Une fois de plus, la plaine du Betsimitatatra est inondée, telle une scène d’apocalypse aquatique. Le bilan humain et matériel est lourd. Les habitants de la Ville des Mille sont habitués à ce genre d’épisodes qui sont malheureusement appelés à se durcir dans les années à venir. Après avoir vécu de longs mois très secs avec en point d’orgue un octobre et un novembre particulièrement arides, qui ont obligé l’Exécutif à avoir recours à des pluies artificielles, les fortes précipitations ont surpris les Tananariviens. Chaque année, les habitants des zones basses, comme Andavamamba, sont habitués à la montée des eaux et s’y sont adaptés. Toutefois, celle-ci a été exceptionnelle, car même les endroits habituellement épargnés ont été submergés, faute d’entretien des canaux d’évacuation et en conséquence de l’incivisme de la population d’Antananarivo.

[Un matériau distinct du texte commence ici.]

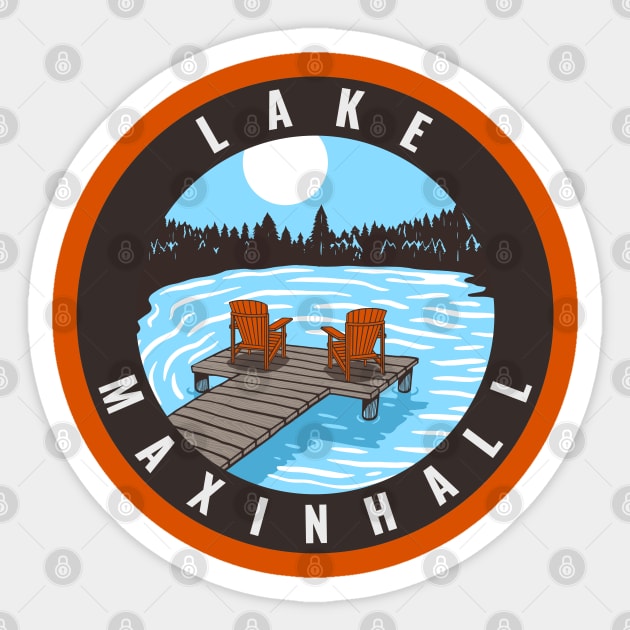 Lake Maxinhall Moon Sticker by Camp Happy Hour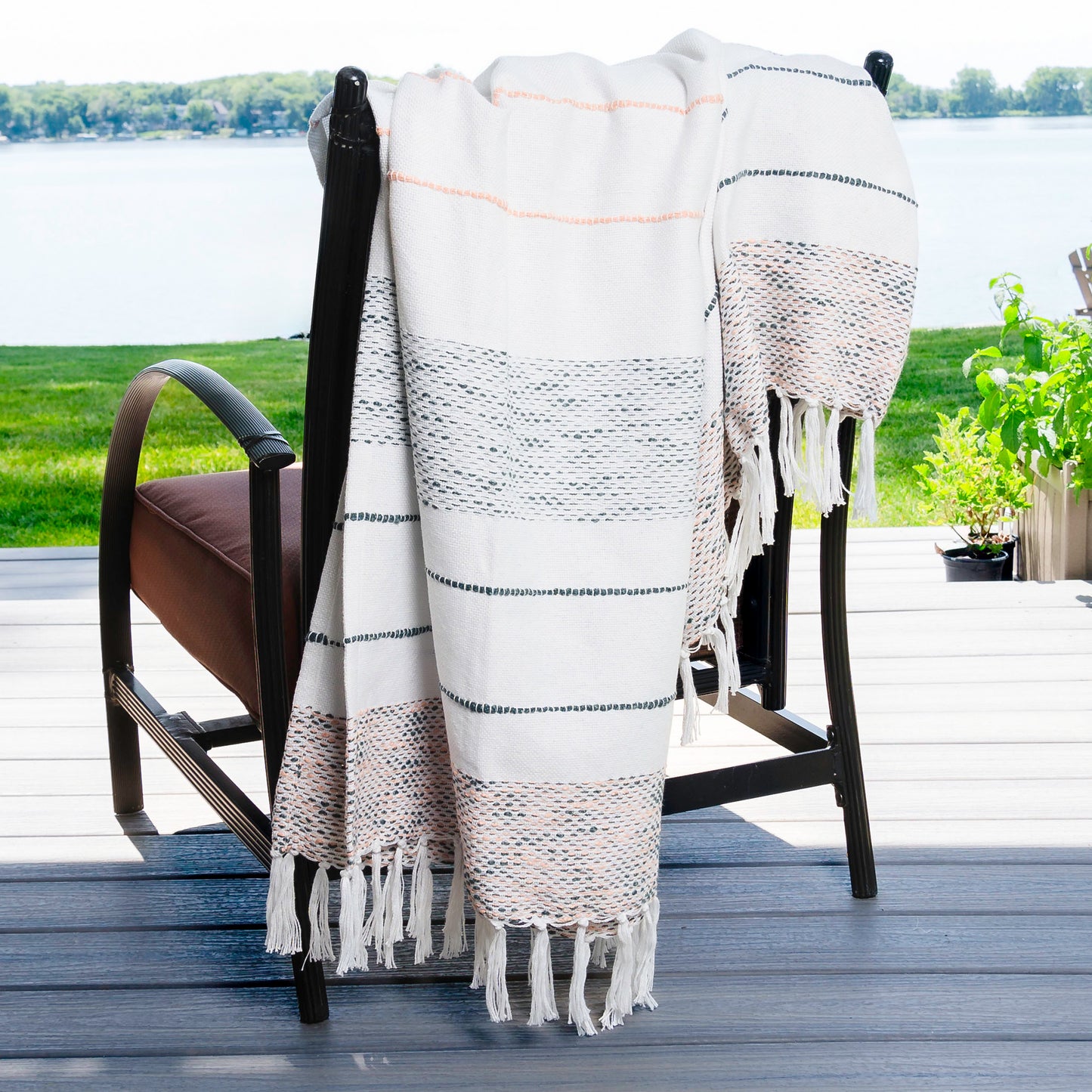 Tylanne 50x70" Indoor/Outdoor Recycled Woven Throw Blanket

Le changement climatique n’est pas étranger à ces phénomènes extrêmes qui vont se multiplier. « Comme la perturbation des saisons de pluies, la hausse extrême de la température et les précipitations abondantes durant une période très courte vont survenir de plus en plus fréquemment, alerte Zo Andrianina Patrick Rakotomavo, chef du Service des recherches hydrométéorologiques, de la Direction générale de la météorologie (DGM). Par exemple, les précipitations qui devraient tomber en un mois pourraient tomber en une semaine. Et celles qui devraient tomber en une semaine tombent en une ou en deux journées seulement. Cela provoquera des inondations inévitables et incontrôlables »1. Ainsi, la tempête modérée a déversé l’équivalent d’une année de pluie sur les hauts plateaux, en deux jours. Ce qui a entraîné l’explosion de tous les seuils d’alerte.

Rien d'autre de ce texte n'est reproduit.